Even some conservatives have grown tired of Trump’s whining specifically, Jim Acosta, in particular, (remember, Acosta was the guy Trump did not allow to ask a question) at his first press conference as president.
The New York Times even used the word “false” in their headline: “With False Claims, Trump Hits Media on Crowd Turnout.” Trump, of course, would like that to read “With Alternative Facts.” Not happening.
Trump wants to delegitimize the press, to press his “alternate facts” as a replacement for actual facts and to bully the media into accepting this, a not unreasonable expectation given how well he has managed the media so far, but he seems to have miscalculated just how much bullying they are willing to take.

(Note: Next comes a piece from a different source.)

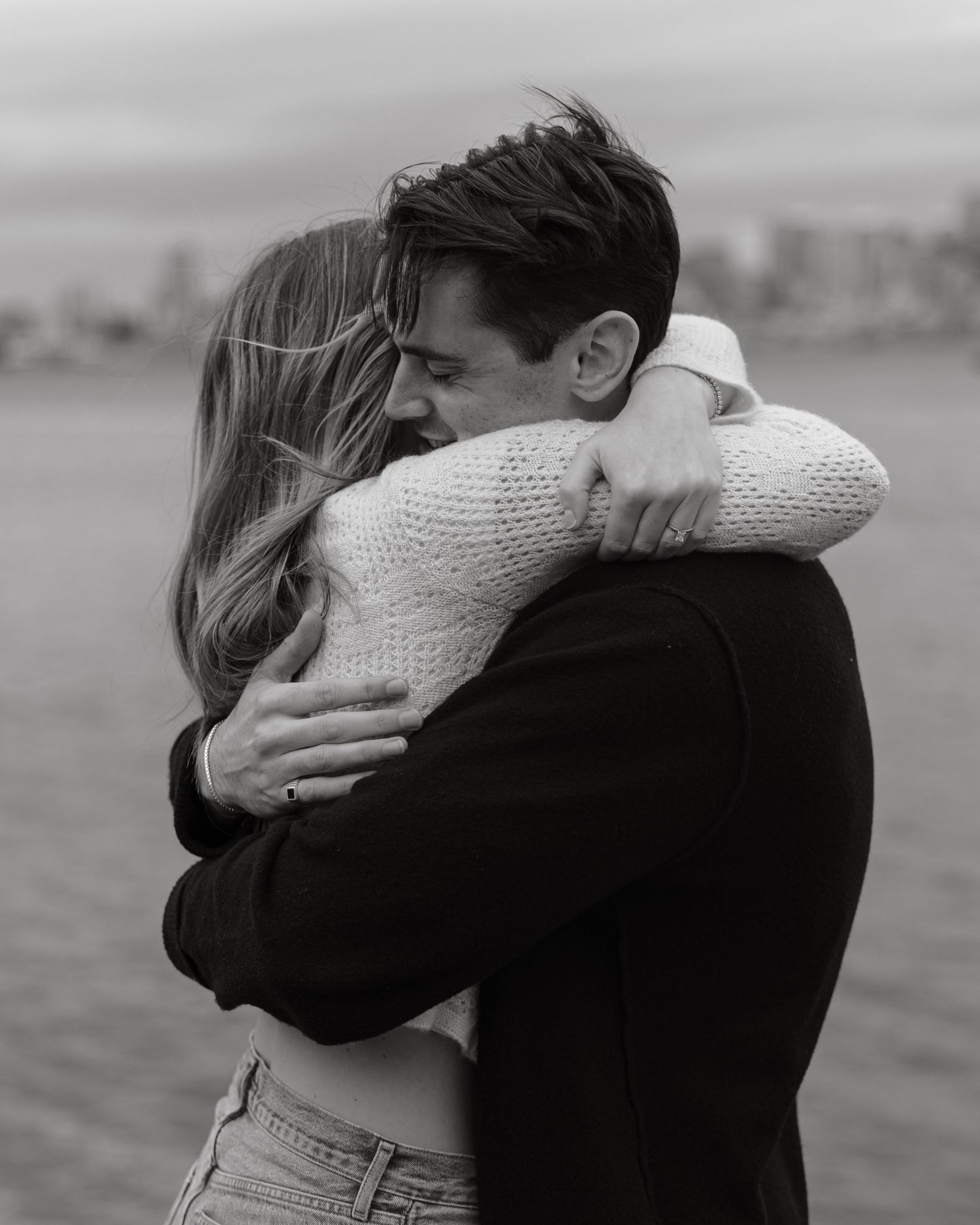 Intimate black and white portrait of couple embracing by waterfront.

He can attempt to throw Sean Spicer under the bus and has, but the media understood immediately what was taking place and who had put those words in Spicer’s mouth. That damage is done.
Sullivan wrote that “Some journalists, afterward, sounded stunned at what had transpired” and that such a reaction was “understandable” but the press should not have been surprised. If they had reported honestly about Donald Trump in the first place, they would have understood this was the logical next step of his war on the press.
They ignored Trump’s totalitarianism in favor of treating him with kid gloves and obediently attacking Hillary Clinton. It is to be hoped their’s are no longer eyes wide stupid, but wide open, seeing Trump’s lies as the authoritarian propaganda that it is.
Matthew Yglesias of Vox puts it like this:
“The genius of defining ‘the media’ as your administration’s political adversary is ‘the media’ won’t fight back. Don’t fall for it.” Trump did fall for it, and he paid for doing so this weekend.